Well I decided I'd just go yank the starter off. Here it is:

http://imgur.com/jWru4lj

http://imgur.com/F1cijaY

The middle bolt was also loose. Just because things can't be too easy the hardest to reach top bolt was super tight. It was the only thing holding the damn starter. Had to use some extensions but it's very do-able without taking anything else off in case anyone is wondering. I needed a 10mm socket, 13mm socket, 10mm wrench and assortment of extensions for the top bolt. Overall about 30 minutes to remove, not a terrible placement from Ford, so at least that's nice.

Well I sent 12V to the motor, sent 12V to the solenoid and tried both at the same time. Everything seems to work on the starter. I can definitely hear the solenoid pop on when it's in the car, because it's the same sound it makes outside of it.
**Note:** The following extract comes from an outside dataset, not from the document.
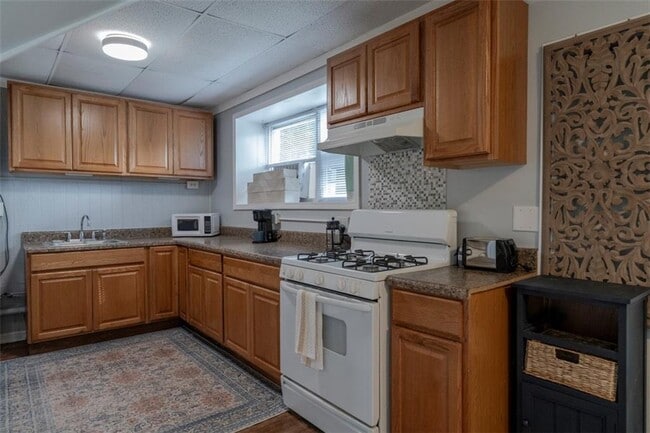 Building Photo - 2560 Piney Wood Ln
I cranked the engine manually, it's not seized. So... weak starter?

----

Update:

I re-installed the starter and the car is now starting again. I don't have a concrete explanation for this. The only thing I can think is that [MENTION=16083]GTBOB[/MENTION] is right and the starter may have jammed itself somehow since it had lose/backed out bolts and removing and re-installing it fixed things. Here is a play by play again:

1. Car was parked in a fully functional state.
2. Car didn't start.
3. Battery was suspected, checked fine with multimeter, second known working battery was used to test too.
4. Solenoid was activating with ignition as you could hear it pop loud and clear.
5. Starter was very hot after attempting ignition.
6. Starter had one backed out bolt, one loose bolt and a way over torqued bolt holding it in place.
7. I removed the starter and cleaned the bolts.
8. I bench tested the starter to verify that the motor worked, solenoid worked, and switched power to solenoid worked. Starter seemed fine.
9. I cranked the engine manually to verify it was not seized, it turned fine.
10. I re-installed the starter using a little bit of thread lock on the cleaned bolts.
11. Car starts fine, drove around, parked it, started it again, no issues.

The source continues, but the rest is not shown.